This amazing novel tells the story of ordinary men and women—farmers, soldiers, priests and nuns, housewives, doctors, stonemasons—who took a stance against the Nazi juggernaut in Italy and waged a near hopeless war of resistance not only in defense of their homeland but in defense of Jews from throughout Europe who had fled across the Alps into an Italy which had broken with Germany, thinking to find a refuge from the genocide, only to discover that the Germans were occupying Italy and prepared to escalate the extermination of the Jews and those who were aiding them, by any and all means.
Russell’s book is based on years of intensive research and interviews, including with survivors of the Italian resistance, and is—she insists—not a glorification of the Italians, but true if relatively unknown history.
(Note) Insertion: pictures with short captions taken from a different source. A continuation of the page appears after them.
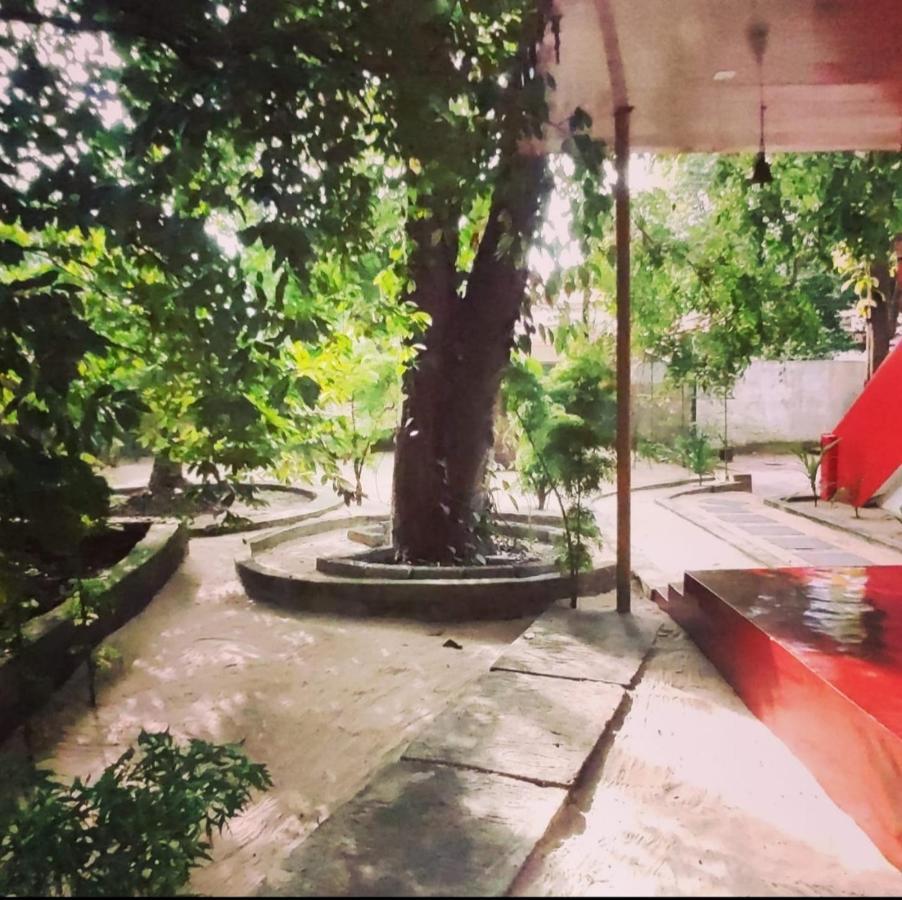 Marari Beach Pearl Homestay 马拉利库兰 外观 照片
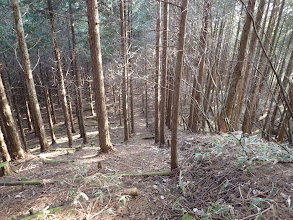 県境沿いに進む（県境には盛り土が）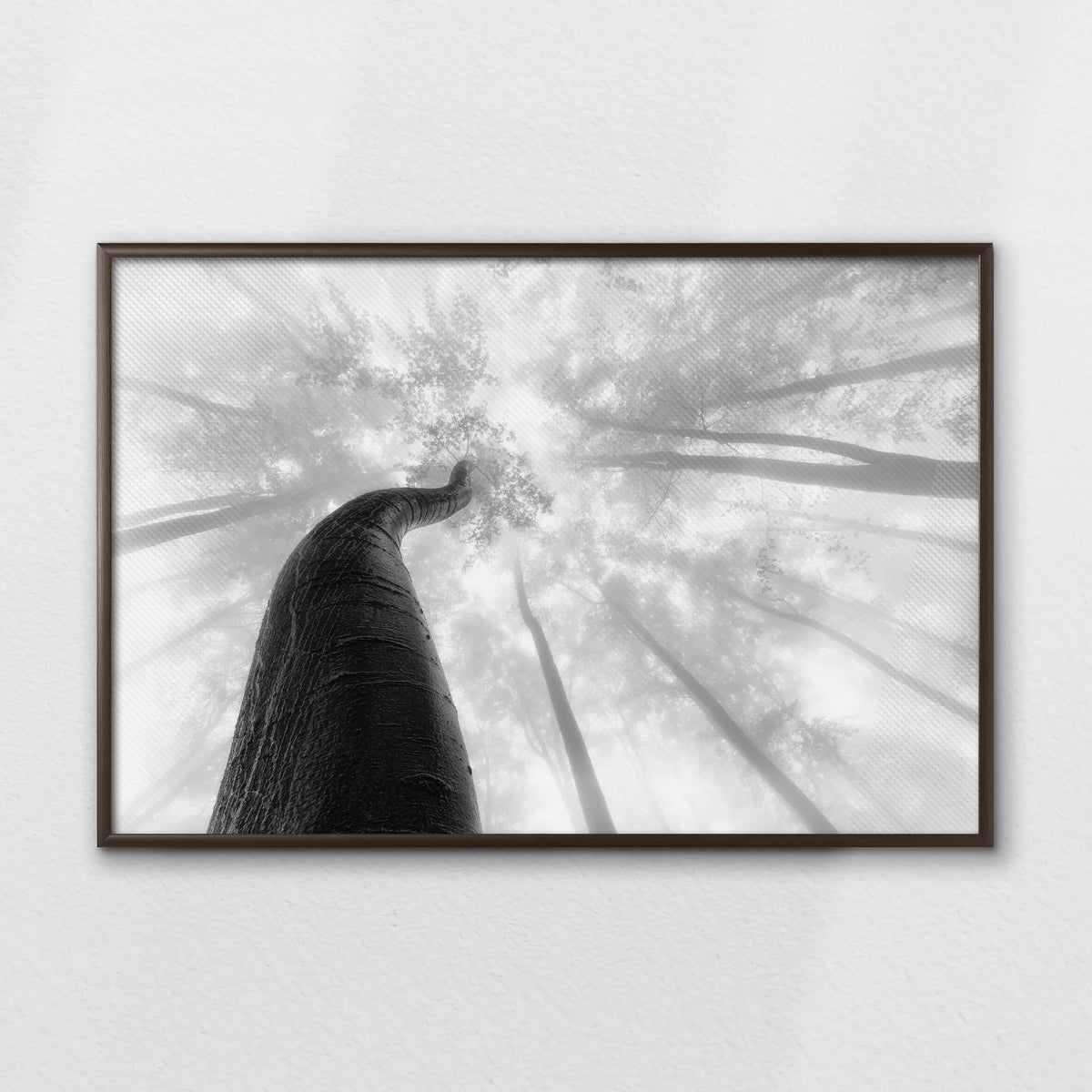 LWN100W070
She focuses her story around the fictional northwestern town of Porto Sant’Andrea, where Renzo Leoni, a Jewish WWI veteran with a powerful intellect, a cynical streak a mile wide, a suicidal drinking problem and a sense of humor that would make the Bard proud, is the unlikely driver of the story. His widowed mother is a firebrand who helps organize the resistance. Renzo morphs into and out of disguise, sometimes playing a priest, other times a dairyman or a postman, and still others a goose-stepping German officer wheedling military intelligence, ration cards, and secrets from the Nazis he bamboozles. He is a joy to watch in action, but when he laments the sorry state of the world and men killing and torturing each other, we weep tears of blood along with him.
Other powerful characters in whose stories we emotionally invest include Claudette Blum, a 14-year-old French Jewess who escapes France with her father, falls in love and marries an Italian soldier, gets pregnant, and transforms from sulky child to steely-eyed partisan fighter over the course of the novel; Werner Schramm, a German doctor who had conducted human experiments in the concentration camps and who is now a broken and consumptive alcoholic in Porto Sant’Andrea seeking forgiveness for his unforgiveable sins; Mirella Soncini, whose husband is Porto Sant’Andrea’s activist rabbi and who together with Leoni, takes on the challenge of Werner’s rehabilitation; and many many more.
A Thread of Grace is the powerfully told story of the intersection of many ordinary and extraordinary lives during a cataclysmic time of sacrifice and heroism, horror and evil; it takes a strong stomach to read it through to the bitter end, but it is a story which will not leave you for a long time after you’ve finished it.